Я высказал ей то, что таилось в самой глубине моей души, да, закричал, сказал ей правду, потому что она должна знать: «Если ты родишь этого ребенка, я убью его! Ты же знаешь, как легко размозжить череп младенца!
Ты не знаешь, что я убийца, не знаешь, сколько раз я хотел убить тебя, я убил Эви-Мари, подтолкнул ее к мостовой, но ты не хотела мне верить, я ударю тебя в живот — что, помочь тебе?»
Она молча уставилась на меня. Постояла какое-то время. Потом пошла собирать сумку.

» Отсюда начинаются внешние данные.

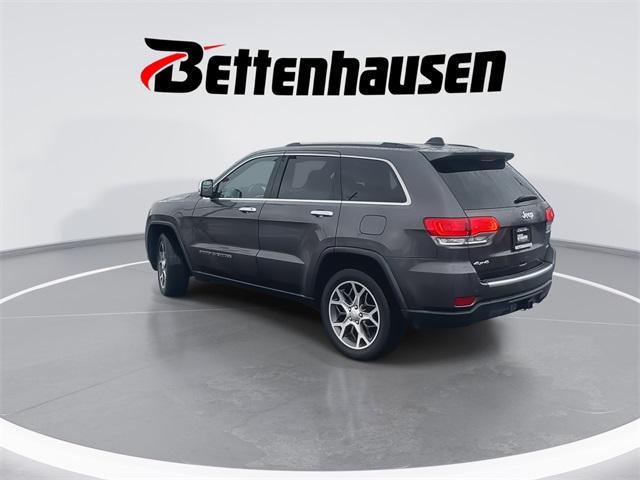 used 2019 Jeep Grand Cherokee car, priced at $20,995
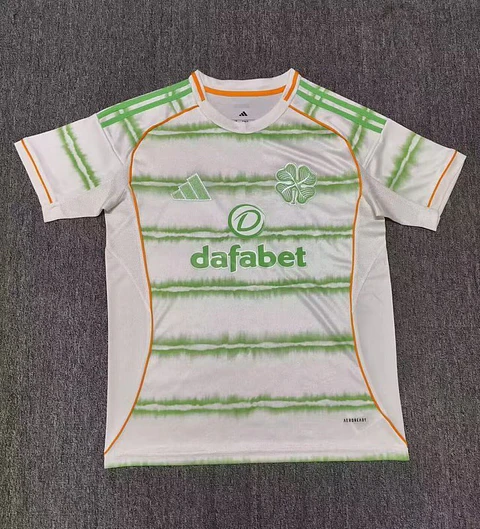 Camisola Celtic III 25/26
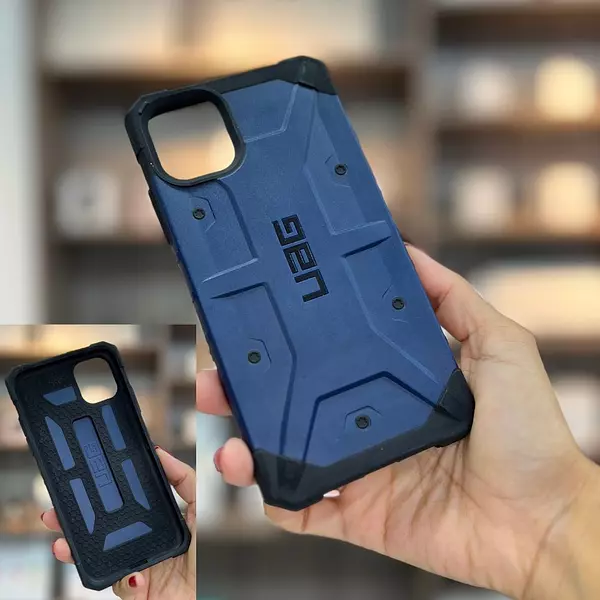 Case Uag Resistente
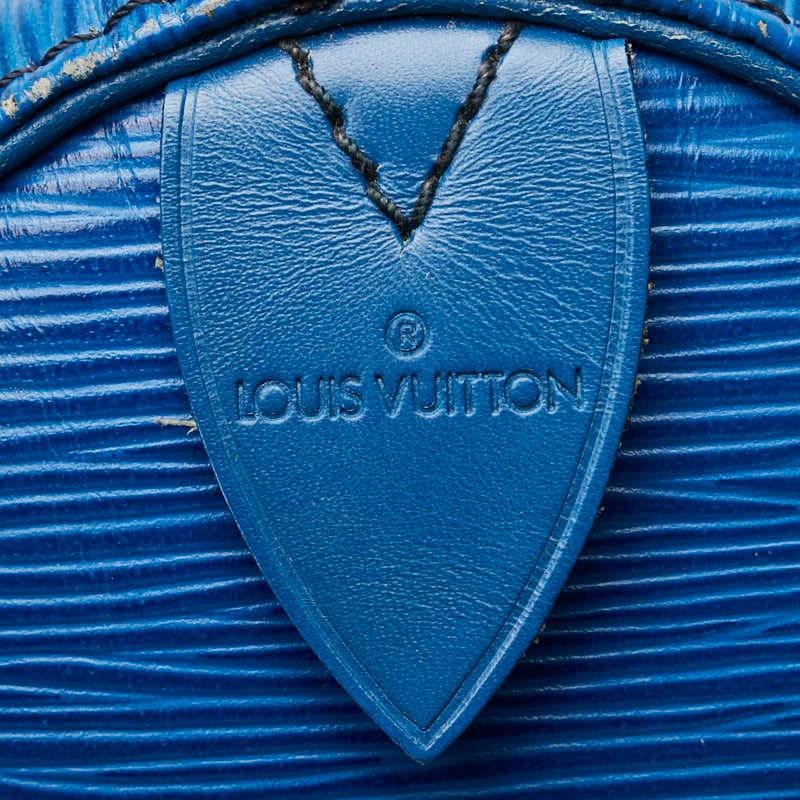 LOUIS VUITTON（ルイ・ヴィトン） ルイ ヴィトン エピ スピーディ35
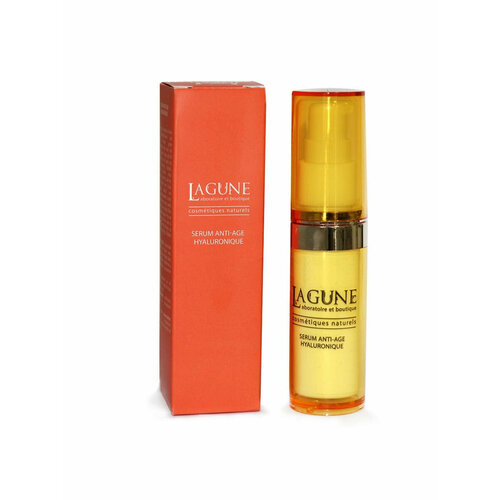 Гиалуроновая антивозрастная сыворотка премиум / SÉRUM ANTI-AGE HYALURONIQUE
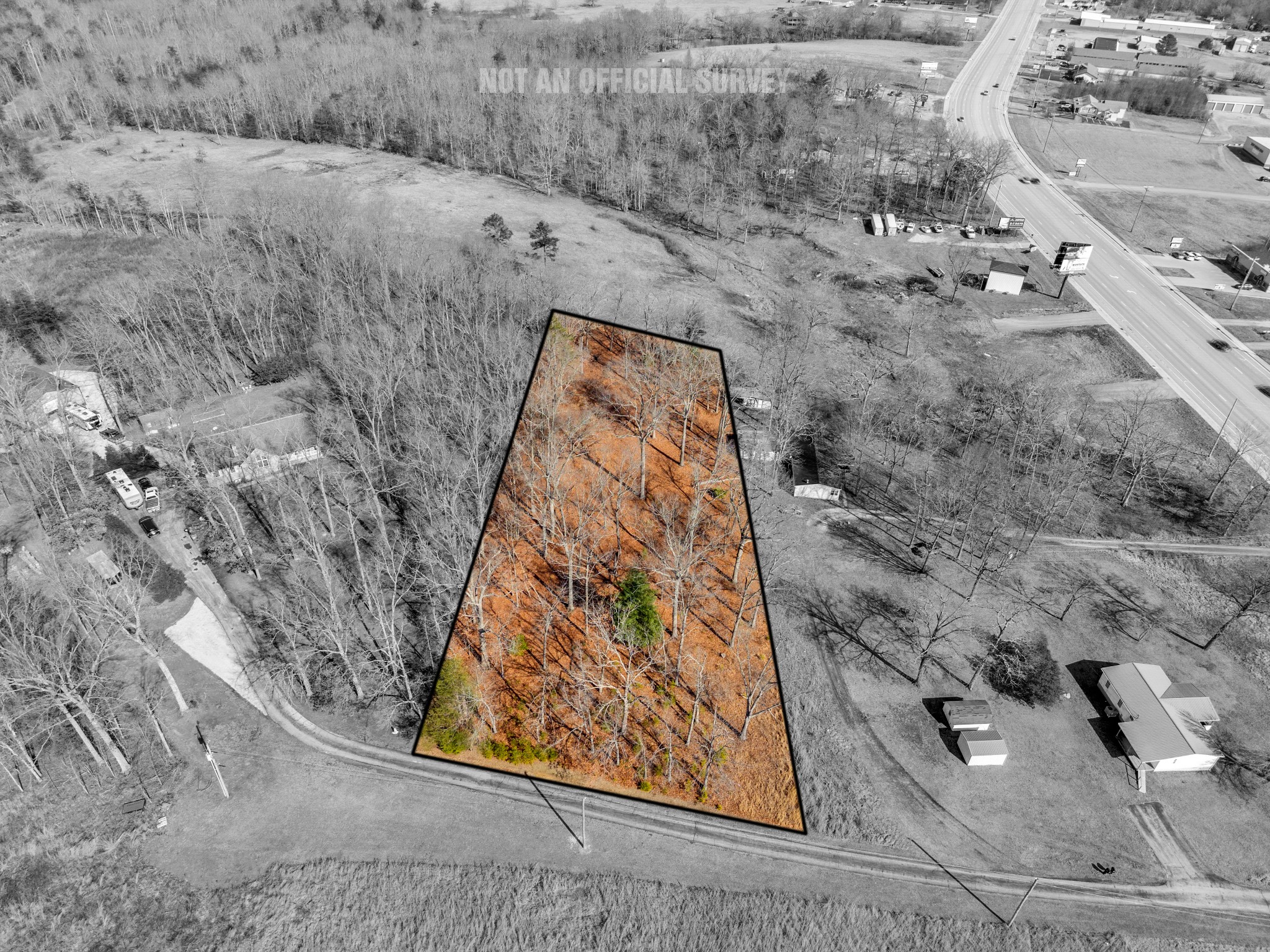0 Peavine Road Crossville TN 38571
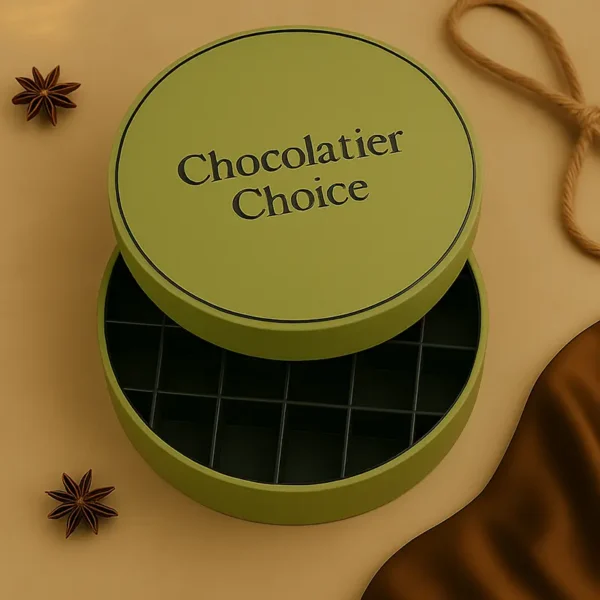 Offset Printed Chocolate Boxes For Packaging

Самое странное, что меня удивила ее реакция, ее неприятие моих слов, как будто я ожидал услышать в ответ похвалу, одобрение, что-нибудь вроде: «Рагнар, ты сказал правду, ты поступил как настоящий мужчина!»
И я пошел за ней следом, конечно же я не собирался толкать или бить ее, она должна была это понять, иначе бы она убежала из дома, не собрав сумку.
Я просто стоял и смотрел. Комната будто бы стала больше размером, больше стала и сама Элла, и мне не хватало слов. Я стоял и смотрел на нее.
Под конец она сказала холодным, спокойным голосом — как же я ненавидел это ледяное сверхчеловеческое спокойствие, эту легкую улыбку, она выиграла это сражение, мне казалось, что сейчас она затянет псалом «Святый Боже», и она сказала: «Рагнар, я понимаю, что иногда человек думает о себе ужасные вещи, со мной такое тоже бывает. Но неужели ты действительно на полном серьезе веришь, что разбил бы ребенку голову? В таком случае мне тебя очень жаль».
Я молчал. На кухне выла собака.
Она сказала: «Сейчас я уйду, Анчи разрешила мне пожить у нее. Друсиллу я заберу с собой, тебе ведь ни к чему лишние хлопоты. Я только хочу сказать, что ухожу я не потому, что считаю тебя убийцей. Ты вообразил это, поскольку тебе кажется, будто ты уникален, — точно так же всем равнодушным людям кажется, что они слишком мало получают от жизни».
Голос у нее по-прежнему был холодным, но все-таки мягким, почти что льстивым, голос обиженной матери, которая лучше знает, она говорит со своим ребенком, с этим дурным мальчишкой, она хочет наказать его, но не выглядеть при этом злой, она хочет возвыситься до понимания, предстать перед ним матерью, у которой есть чувства, и она умеет этими чувствами управлять, это для нее все равно что играть в монопольку, переставляя фишки твердой материнской рукой.
Так она и сделала.
А потом ушла.
Вскоре она вернулась вместе с Анчи на машине, чтобы забрать свои вещи. Я ушел из дома и вернулся, когда их уже не было.